DATA TO USE:
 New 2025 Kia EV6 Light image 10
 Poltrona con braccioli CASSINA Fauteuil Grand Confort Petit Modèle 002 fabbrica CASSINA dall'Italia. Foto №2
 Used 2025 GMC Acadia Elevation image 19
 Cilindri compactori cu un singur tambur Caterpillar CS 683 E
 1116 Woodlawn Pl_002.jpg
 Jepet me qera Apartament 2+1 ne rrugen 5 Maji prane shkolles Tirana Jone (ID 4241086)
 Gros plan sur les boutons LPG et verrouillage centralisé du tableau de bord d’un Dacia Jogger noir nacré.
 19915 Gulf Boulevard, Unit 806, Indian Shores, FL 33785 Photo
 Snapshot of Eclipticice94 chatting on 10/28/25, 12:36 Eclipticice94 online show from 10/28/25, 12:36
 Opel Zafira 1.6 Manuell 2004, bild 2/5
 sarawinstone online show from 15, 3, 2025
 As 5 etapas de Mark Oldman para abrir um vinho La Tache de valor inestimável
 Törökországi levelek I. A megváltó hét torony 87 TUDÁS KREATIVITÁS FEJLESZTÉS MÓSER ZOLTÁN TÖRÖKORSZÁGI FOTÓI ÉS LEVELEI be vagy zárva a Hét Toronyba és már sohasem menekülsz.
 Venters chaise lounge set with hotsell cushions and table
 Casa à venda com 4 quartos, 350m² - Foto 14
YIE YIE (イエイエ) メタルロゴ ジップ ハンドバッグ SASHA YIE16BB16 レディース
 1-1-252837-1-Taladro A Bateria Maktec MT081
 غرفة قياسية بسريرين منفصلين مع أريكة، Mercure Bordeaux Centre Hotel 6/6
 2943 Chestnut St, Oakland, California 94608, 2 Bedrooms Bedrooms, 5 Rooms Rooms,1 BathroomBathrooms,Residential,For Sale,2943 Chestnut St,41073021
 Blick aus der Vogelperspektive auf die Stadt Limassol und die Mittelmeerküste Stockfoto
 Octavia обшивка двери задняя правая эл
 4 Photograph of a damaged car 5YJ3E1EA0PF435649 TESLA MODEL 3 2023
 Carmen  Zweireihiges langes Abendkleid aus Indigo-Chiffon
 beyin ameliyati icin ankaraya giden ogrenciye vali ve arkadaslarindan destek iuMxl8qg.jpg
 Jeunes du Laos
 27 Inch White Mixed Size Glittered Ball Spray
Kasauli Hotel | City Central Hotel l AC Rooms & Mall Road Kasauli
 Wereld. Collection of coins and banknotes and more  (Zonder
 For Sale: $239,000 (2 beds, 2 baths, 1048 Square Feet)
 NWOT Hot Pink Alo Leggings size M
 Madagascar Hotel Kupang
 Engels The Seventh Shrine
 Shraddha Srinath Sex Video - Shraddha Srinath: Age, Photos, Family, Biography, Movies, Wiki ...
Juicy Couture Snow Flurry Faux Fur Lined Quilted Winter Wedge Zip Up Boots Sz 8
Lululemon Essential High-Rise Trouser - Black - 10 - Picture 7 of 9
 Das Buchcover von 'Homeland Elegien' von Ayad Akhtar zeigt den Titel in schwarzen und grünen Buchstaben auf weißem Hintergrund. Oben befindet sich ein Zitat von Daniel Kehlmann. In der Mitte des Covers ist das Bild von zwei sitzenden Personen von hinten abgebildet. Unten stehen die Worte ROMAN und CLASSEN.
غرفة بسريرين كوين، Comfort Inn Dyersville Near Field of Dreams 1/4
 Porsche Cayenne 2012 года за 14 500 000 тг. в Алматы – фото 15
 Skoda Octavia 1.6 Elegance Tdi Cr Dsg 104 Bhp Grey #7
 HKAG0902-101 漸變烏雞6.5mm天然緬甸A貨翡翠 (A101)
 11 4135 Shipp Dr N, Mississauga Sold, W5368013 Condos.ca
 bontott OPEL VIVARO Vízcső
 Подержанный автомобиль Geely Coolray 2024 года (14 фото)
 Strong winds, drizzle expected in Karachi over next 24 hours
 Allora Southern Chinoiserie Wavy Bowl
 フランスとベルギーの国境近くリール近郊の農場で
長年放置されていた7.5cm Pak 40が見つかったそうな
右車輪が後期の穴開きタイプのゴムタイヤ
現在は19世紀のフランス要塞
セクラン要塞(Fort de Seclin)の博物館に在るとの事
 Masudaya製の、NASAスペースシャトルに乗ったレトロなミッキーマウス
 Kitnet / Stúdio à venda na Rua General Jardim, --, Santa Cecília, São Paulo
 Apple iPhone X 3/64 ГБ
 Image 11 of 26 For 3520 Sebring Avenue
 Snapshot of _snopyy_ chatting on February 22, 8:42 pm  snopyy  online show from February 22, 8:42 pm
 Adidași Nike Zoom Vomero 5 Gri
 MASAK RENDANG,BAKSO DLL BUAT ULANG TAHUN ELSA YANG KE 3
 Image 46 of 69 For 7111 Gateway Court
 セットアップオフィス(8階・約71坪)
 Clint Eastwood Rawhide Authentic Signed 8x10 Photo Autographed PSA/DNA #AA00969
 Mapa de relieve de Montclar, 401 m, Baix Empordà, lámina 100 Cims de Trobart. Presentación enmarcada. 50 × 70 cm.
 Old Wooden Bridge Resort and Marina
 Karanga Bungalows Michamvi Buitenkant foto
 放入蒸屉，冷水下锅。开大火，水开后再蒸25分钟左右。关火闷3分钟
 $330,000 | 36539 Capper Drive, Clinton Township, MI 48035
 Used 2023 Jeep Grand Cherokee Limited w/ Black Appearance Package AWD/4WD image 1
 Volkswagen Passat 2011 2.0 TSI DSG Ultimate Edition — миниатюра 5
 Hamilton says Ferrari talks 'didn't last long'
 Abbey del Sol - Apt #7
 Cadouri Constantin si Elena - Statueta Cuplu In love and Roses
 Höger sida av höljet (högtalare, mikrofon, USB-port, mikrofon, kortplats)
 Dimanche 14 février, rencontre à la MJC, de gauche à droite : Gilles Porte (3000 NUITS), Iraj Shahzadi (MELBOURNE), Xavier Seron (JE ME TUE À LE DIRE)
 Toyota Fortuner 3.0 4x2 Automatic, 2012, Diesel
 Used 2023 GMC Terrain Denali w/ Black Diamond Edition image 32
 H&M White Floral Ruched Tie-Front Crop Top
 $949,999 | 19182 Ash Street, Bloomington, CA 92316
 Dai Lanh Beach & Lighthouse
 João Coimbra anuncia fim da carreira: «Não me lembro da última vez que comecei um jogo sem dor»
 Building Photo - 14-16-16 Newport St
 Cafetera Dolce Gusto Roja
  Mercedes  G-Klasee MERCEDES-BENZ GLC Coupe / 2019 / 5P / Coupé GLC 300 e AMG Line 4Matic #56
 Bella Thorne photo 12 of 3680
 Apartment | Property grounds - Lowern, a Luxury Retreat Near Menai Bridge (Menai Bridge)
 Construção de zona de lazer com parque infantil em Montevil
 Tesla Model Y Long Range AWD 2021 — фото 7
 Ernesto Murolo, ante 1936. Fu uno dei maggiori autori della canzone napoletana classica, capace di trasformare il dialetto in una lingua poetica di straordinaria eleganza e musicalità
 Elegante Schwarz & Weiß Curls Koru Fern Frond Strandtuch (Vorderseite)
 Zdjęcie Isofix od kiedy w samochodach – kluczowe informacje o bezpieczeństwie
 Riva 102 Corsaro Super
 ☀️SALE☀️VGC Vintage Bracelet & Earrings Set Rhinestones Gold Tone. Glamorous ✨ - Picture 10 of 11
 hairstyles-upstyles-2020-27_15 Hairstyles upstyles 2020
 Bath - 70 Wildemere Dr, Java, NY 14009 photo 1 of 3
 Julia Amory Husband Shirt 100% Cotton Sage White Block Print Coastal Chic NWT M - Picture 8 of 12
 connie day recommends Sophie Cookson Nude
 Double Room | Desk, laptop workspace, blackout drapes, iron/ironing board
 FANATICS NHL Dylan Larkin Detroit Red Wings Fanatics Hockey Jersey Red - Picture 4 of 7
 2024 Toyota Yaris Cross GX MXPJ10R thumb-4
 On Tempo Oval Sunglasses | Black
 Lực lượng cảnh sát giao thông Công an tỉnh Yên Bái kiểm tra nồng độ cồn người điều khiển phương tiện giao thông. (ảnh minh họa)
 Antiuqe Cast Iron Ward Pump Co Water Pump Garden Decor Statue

REQUIRED WORK: Could you restate word for word the lines above, from the one that contains "Image 11 of 26 For 3520 Sebring Avenue" through the one that contains "Karanga Bungalows Michamvi Buitenkant foto", and no others?

WRITTEN RESPONSE:
 Image 11 of 26 For 3520 Sebring Avenue
 Snapshot of _snopyy_ chatting on February 22, 8:42 pm  snopyy  online show from February 22, 8:42 pm
 Adidași Nike Zoom Vomero 5 Gri
 MASAK RENDANG,BAKSO DLL BUAT ULANG TAHUN ELSA YANG KE 3
 Image 46 of 69 For 7111 Gateway Court
 セットアップオフィス(8階・約71坪)
 Clint Eastwood Rawhide Authentic Signed 8x10 Photo Autographed PSA/DNA #AA00969
 Mapa de relieve de Montclar, 401 m, Baix Empordà, lámina 100 Cims de Trobart. Presentación enmarcada. 50 × 70 cm.
 Old Wooden Bridge Resort and Marina
 Karanga Bungalows Michamvi Buitenkant foto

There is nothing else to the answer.